ASSIGNMENT:
Omit every picture, then give all the entries again exactly.
------------------------
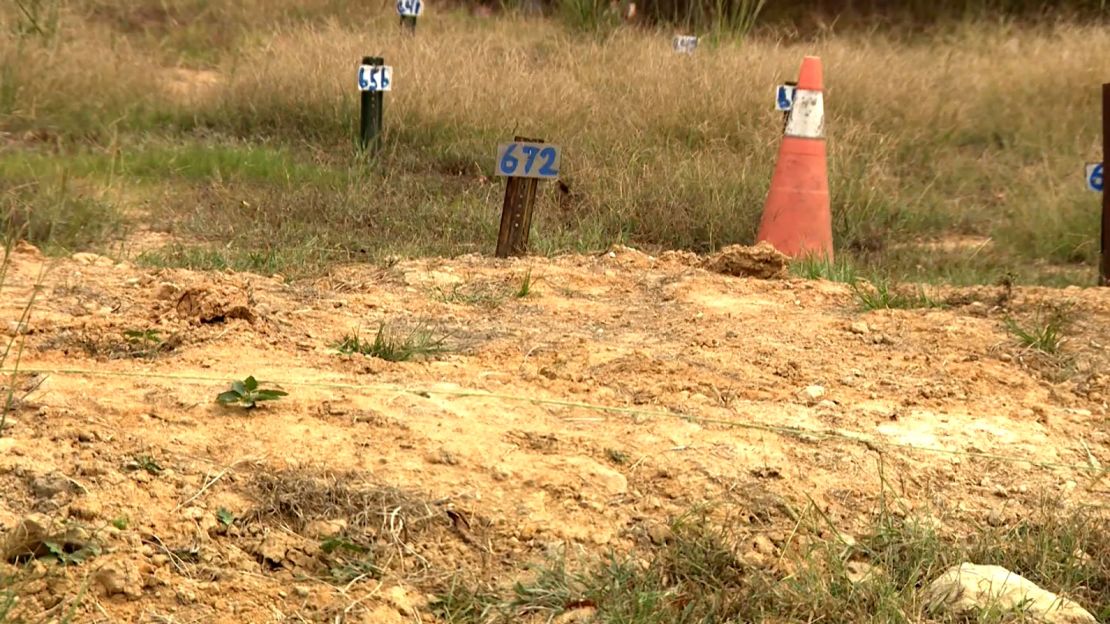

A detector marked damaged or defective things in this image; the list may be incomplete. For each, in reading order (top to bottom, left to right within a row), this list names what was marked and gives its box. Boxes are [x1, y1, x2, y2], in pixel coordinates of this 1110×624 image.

paint-chipped post [395, 0, 419, 33]
paint-chipped post [357, 57, 392, 152]
rusted post [497, 136, 543, 257]
paint-chipped post [497, 137, 563, 256]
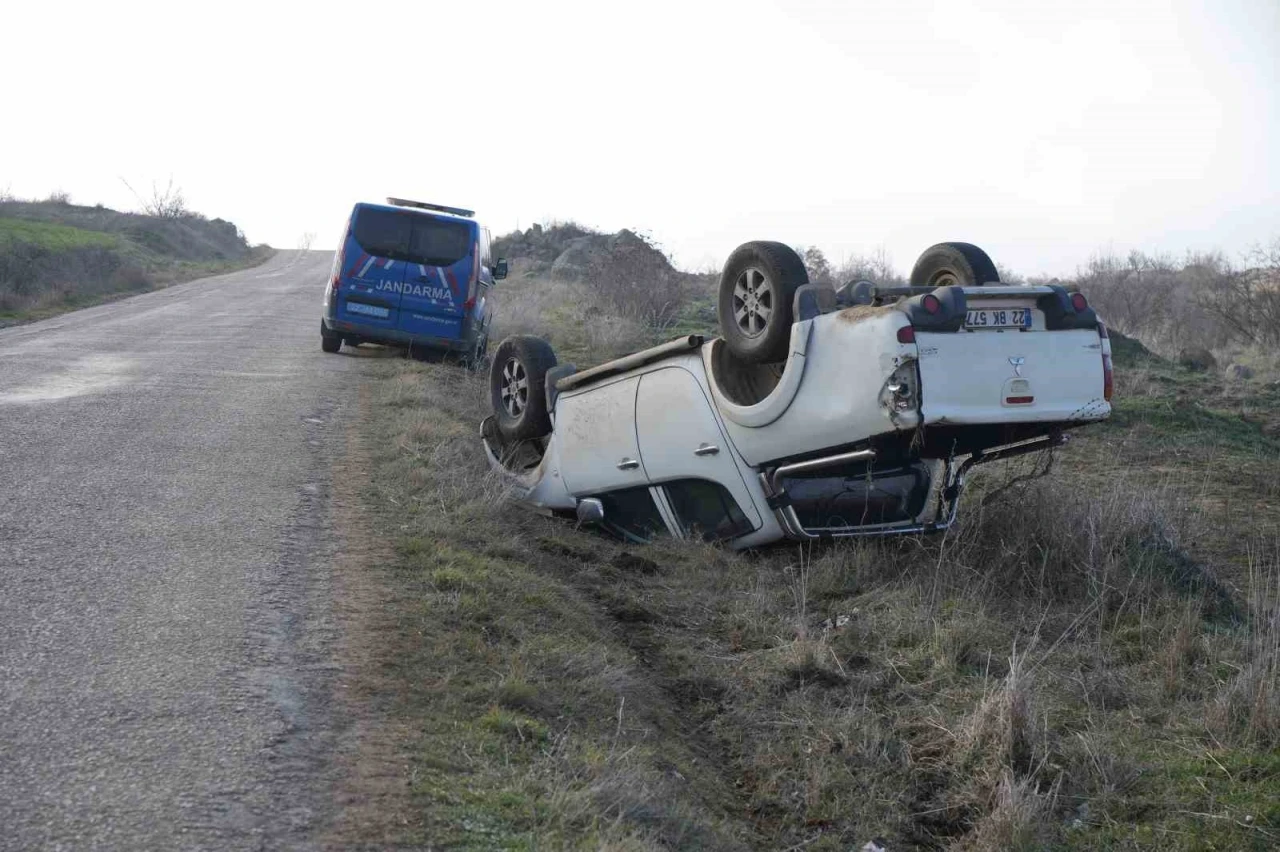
------------------------
REPLY TO THE TASK:
A detector marked damaged or defective things in this image; the list may be incomplete. For each, in reading order (top to bottom, left to right within a row), this list names what was marked and gives its box. Boxes are [x1, y1, x2, y2], in pixel coordinates of this 1110×624 image.

paint-chipped post [395, 0, 419, 33]
paint-chipped post [357, 57, 392, 152]
rusted post [497, 136, 543, 257]
paint-chipped post [497, 137, 563, 256]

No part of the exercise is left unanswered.